This Agreement (the "Agreement") is made and entered into as of the current date
("Effective Date"), by and between NetVoyage Corporation, a Utah Corporation
doing business as NetDocuments ("NetDocuments") with principal offices located
at ParkView Plaza, 625 South State Street, Orem, Utah 84058, and applying
Partner ("Affiliate Partner" or "AP").
WHEREAS, NetDocuments is
engaged in the business of developing, producing, subscribing, and hosting SaaS
(Software-as-a- Service) Document Management Services, including management,
repository and Web-based services software and associated products, systems,
services and documentation, known together as the NetDocuments Service, and
providing such services through its Web site at http://www.netdocuments.com.

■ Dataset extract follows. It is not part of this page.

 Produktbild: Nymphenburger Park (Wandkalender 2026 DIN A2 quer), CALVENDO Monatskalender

WHEREAS, among other things,
AP is knowledgeable and influential in markets where the AP currently competes,
and is desirous to become a NetDocuments AP to assist NetDocuments in finding
and servicing customers in the said markets.

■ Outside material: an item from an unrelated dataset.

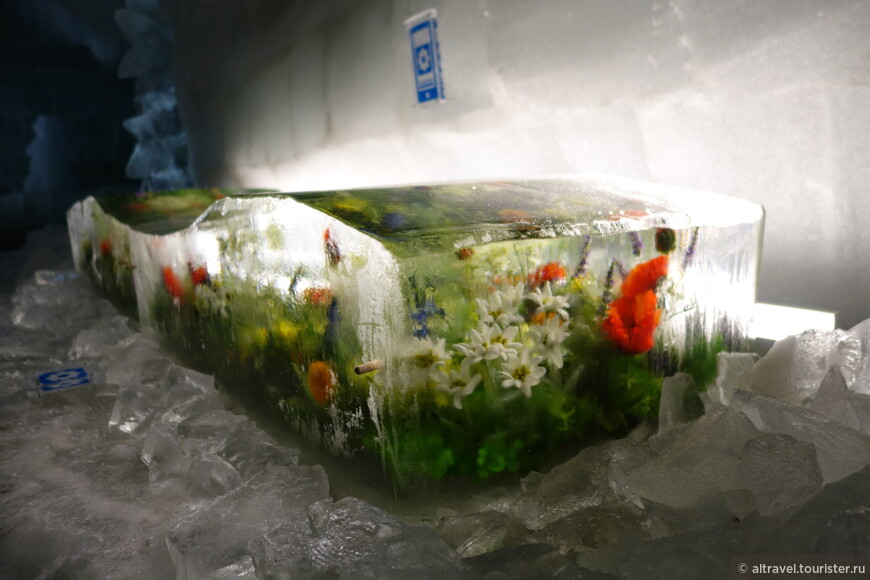 А также лежит блок льда с вмороженными в него живыми цветами.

NOW, THEREFORE, in consideration of the mutual covenants set forth below
and for other good and valuable consideration, the parties agree as follows:
1.
Definitions
1.1.
"NetDocuments Service" means those hosted Web
services, more fully described and available at http://www.netdocuments.com, and
which include applications software, updates, maintenance, and Help Desk Support offered by NetDocuments.
1.2.
"NetDocuments Site" means the NetDocuments branded Web site
located at http://www.netdocuments.com,
including NDConnect.
1.3.
"Customers" means users of the
NetDocuments Service, including all service accounts (internal and external)

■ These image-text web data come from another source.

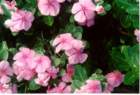 flower_small.jpg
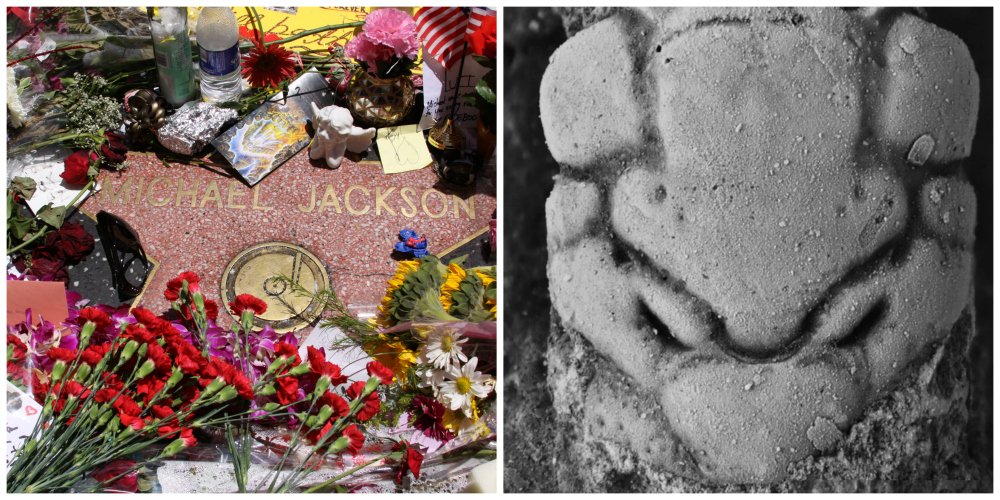 michael jackson hermit crab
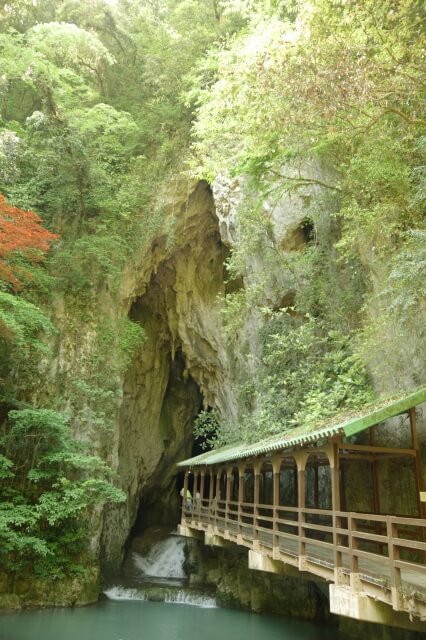 秋芳洞 美祢市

purchased by a Customer who is (i) in the said markets and (ii) subscribed to
the NetDocuments Service and approved by NetDocuments.
1.4. "Commission" means payment from
NetDocuments to AP for a Customer that AP referred to NetDocuments, according to
lead registration procedures outlined by NetDocuments, and where the lead
resulted in the sale of subscriptions to the NetDocuments Service.
2.
NetDocuments Rights
and Obligations
2.1.
NetDocuments shall provide the NetDocuments Service to Customers who purchase
subscriptions to the NetDocuments Service and who have executed a NetDocuments
Service Agreement. At the discretion of NetDocuments the NetDocuments Service
may be modified from time to time to include additional features and
modifications. NetDocuments shall, via email, Web-based seminars, and the
NetDocuments Site keep AP and Customers fully and timely informed of service
enhancements, new versions of the NetDocuments Service offered hereunder, and
developments that may affect Customers' use of the NetDocuments Service.
2.2.
NetDocuments shall, at its sole expense, provide the NetDocuments Service,
including hardware, software, infrastructure, connectivity, engineering, Help
Desk Support, and customer service for Customers who have subscribed to the
NetDocuments Service offered hereunder.
2.3.
NetDocuments shall provide Help Desk Support to Customers as more fully described on the
NetDocuments Site.
3. AP Rights, Obligations and
Qualifications
3.1.
AP shall, at its sole expense; find and
refer prospective Customers to NetDocuments.
3.2.
AP shall execute a AP Agreement.
3.3.
AP may promote NetDocuments during the
term of this Agreement as follows:
3.3.1.
Subject to approval by NetDocuments,
issue a press release.
3.3.2.
Grant the right for NetDocuments to
reference AP in NetDocuments' marketing materials and on NetDocuments Site; and
3.3.3.
Announce the NetDocuments Service in
AP's relevant marketing and promotional materials.
3.4.
The relationship between NetDocuments
and AP created by this Agreement and the rights and obligations hereunder shall
be confidential and non-exclusive to both parties.
3.5.
Commission payments shall be made on the following schedule: twenty percent
(20%) on net receipts of subscriptions to the NetDocuments Service for the first
twelve (12) months following the Effective Date of a NetDocuments Service
Agreement, net of refunds actually given, credits provided, or royalties paid
for Third-Party Services. The Commission
shall be paid within thirty (60) days of receipt by NetDocuments of the first
Subscription Fee from a Customer.
3.6.
In order to qualify for a Commission, AP must
comply with the following requirements: (i) have made an explicit, written
referral of Customer to NetDocuments submitted through the NetDocuments online
lead registration form,; (ii) have the written or documented verbal endorsement
and support of prospective Customer during their
evaluation of the NetDocuments Service, or schedule and facilitate the initial introduction of
the lead to the AP's assigned NetDocuments sales representative ; (iii)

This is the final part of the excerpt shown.